When you head out on a camping trip, you have plans to stay comfortable, warm, and dry through the night. But nature has plans of its own. That means that even if you schedule your trip with care, you might get caught in the rain.
If you have the choice, you should always bring the best waterproof tent with you. But, if you don’t have a waterproof tent, that can pose some challenges. But it doesn’t mean that you can’t take steps to stay relatively dry. Below are some tips to help you enjoy your trip in as much comfort as possible.
Make sure that you are camping on high ground with good run-off.
If there is any chance of precipitation at all when you are camping, you would do best to avoid pitching your tent in a low-lying area where run-off can gather. Instead, head to the high ground.
What if you are stuck camping in a valley? You can still check the level of the ground and try and pick a spot where the ground should carry run-off away from your tent. You can also try and avoid spots with overly soft soil which may absorb all the water and turn into mud.

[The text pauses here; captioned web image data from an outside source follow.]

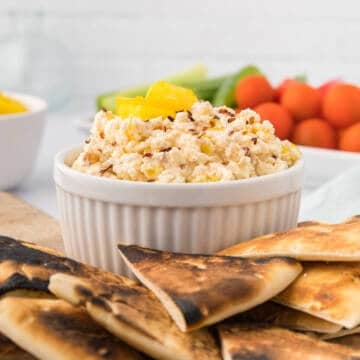 Spicy feta cheese with pita bread triangles.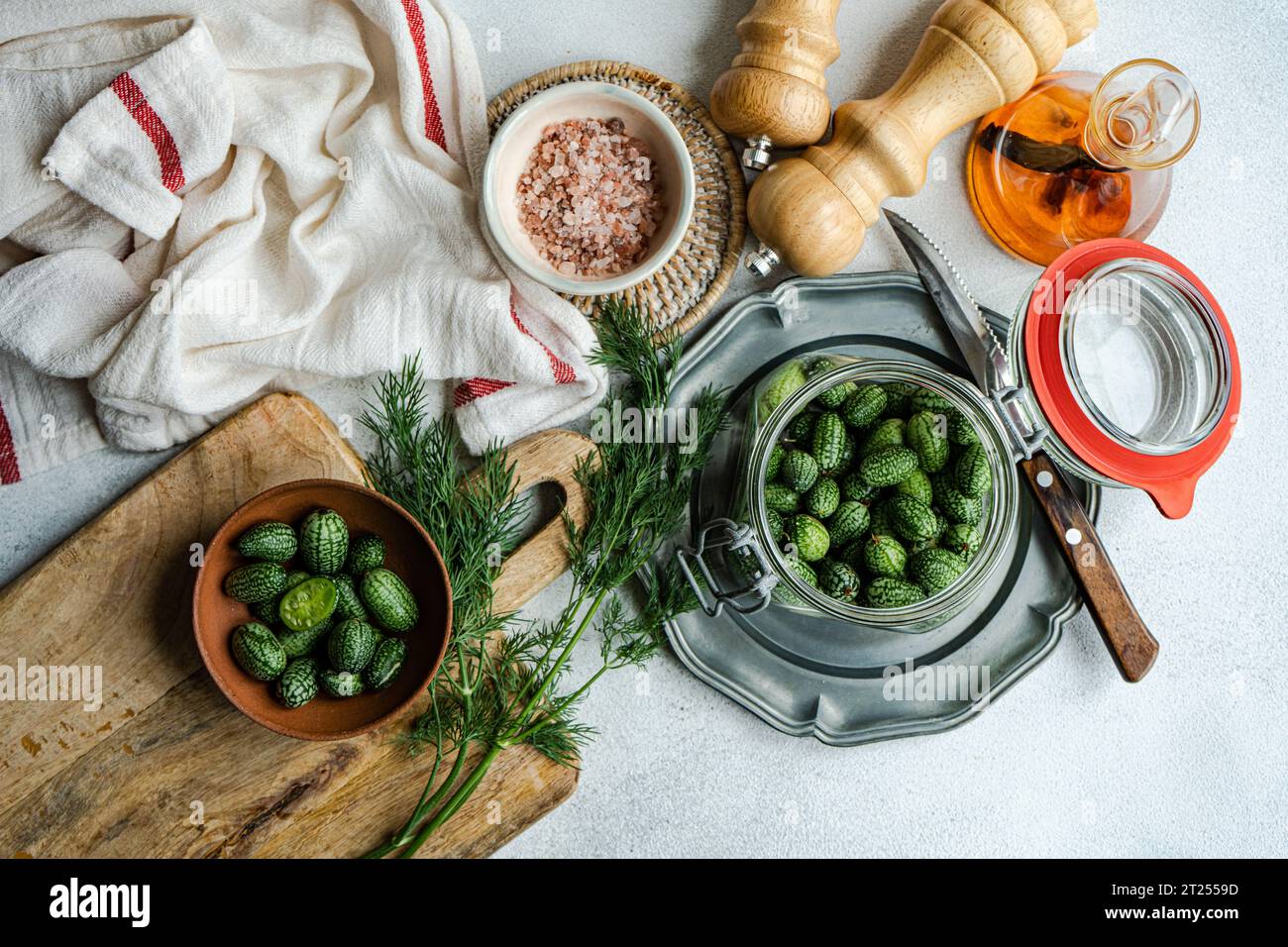 Overhead view of fresh cucamelons on a chopping board with herbs and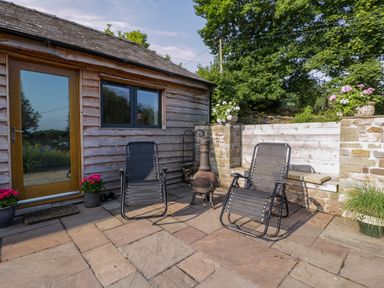 An outdoor patio with two black mesh chairs a small fireplace pots of flowers and a wooden door on a wooden building at Black Cat Bach in Gilwern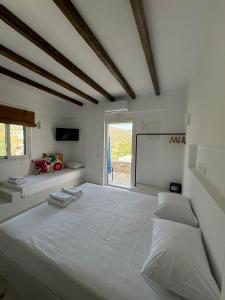 Habitación blanca con cama grande y pantalla en Manthos Place, en Mylopotas 110 fotos más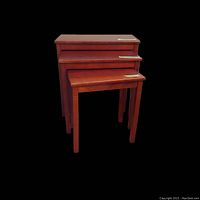 Three wood rectangular nesting tables arranged front to back by size.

Try to identify the high water mark if there is a river or lake nearby, and ensure that your tent is pitched above it.
Bring along a couple of tarps (at least).
It is smart to bring 2-4 tarps with you when you go camping. Set them up as follows:
The first tarp should go underneath your tent. But here’s the thing—you should put it down inside the tent only. A lot of folks put down the tarp, and then erect the tent on top of it with the edges of the tarp protruding beyond the sides of the tent. This seems like a logical move, but it isn’t. The problem with doing it this way is that it wicks moisture right into your sleeping area. Don’t let that happen.
You can set up another tarp above your tent as well. You may want to do this before you set up your tent in order to keep the area dry as you are doing so. After you get your tent set up, leave this tarp in place. It not only can continue to protect your tent, but it also gives you a sheltered space where you can change out of wet clothing before going into your tent so that you do not bring water inside with you.
A third tarp can be used to create an awning over your camp area where you have stowed additional gear, cooking supplies, etc.
If there is a lot of wind blowing in rain from the sides, consider a fourth tarp to place directly over top of any supplies you are keeping outside your tent. You may want to tie this tarp down or secure it somehow (i.e. with some heavy rocks).
Tarps are lightweight and easy to fold up and carry, and they can make a huge difference in your camping experience in the rain, so don’t neglect them.
Use waterproof bags or trash bags for your camping gear.
Even if you do not have a waterproof tent, you hopefully have some other waterproof supplies for camping such as waterproof backs and bags. Don’t have these either? There is a simple solution. Just grab some trash bags and stuff those inside whatever packs you do have in order to give them a waterproof internal lining.
Coat your tent and other supplies with waterproof spray.
Another step that you can take to protect your tent from moisture is to purchase some waterproof spray. Apply this to your tent after you set it up, and use it on any other items that you want to provide with an extra layer of protection.
Don’t forget other essentials for camping in the rain.
Tarps, trash bags, and waterproof spray can go a long way toward keeping your campsite dry and comfortable. But they are not all that you need to camp effectively in the rain. Here are some additional items to bring with you on your trip:
Waterproof clothes and footwear. These supplies are self-explanatory.
Warm synthetic attire. Cotton is something you want to avoid in the rain as it soaks quickly and takes ages to dry. Take extra layers with you, and double up on your packing. Assume that your clothes are going to get wet and that you will need something dry to change into.
Repair supplies if your tarp gets ripped. Repair tape designed for RV awnings works. A single leak can give you a lot of unnecessary grief, so you’ll be glad you packed this.
Zip-lock bags. If you are relying on trash bags to keep the stuff in your pack dry, put electronics and other valuables inside zip-lock bags. That way you can be extra sure that they will stay safe and dry.
Fire starters. Getting a fire going in the rain can be very difficult, even if you have shelter. You probably won’t have much in the way of dry kindling to work with. So bring some fire starters with you, like cotton balls with petroleum jelly.
Ready-to-Eat Meals. Trying to start a fire in the rain can be a real hassle when you’re hungry and tired. Sometimes it’s also not possible. Make sure you have something to eat that you don’t need to cook.
Even Without a Waterproof Tent, You Can Enjoy Camping in the Rain
If you do not have a waterproof tent, you can still camp through rain or shine so long as you take the right steps when you are packing for your trip and setting up your campsite.
Of course, a waterproof tent can make life easier. So if you do not have one and you frequently camp in a region which gets a lot of precipitation, you might want to think about upgrading to one when you have a chance. Then you can have an even better experience camping in the rain!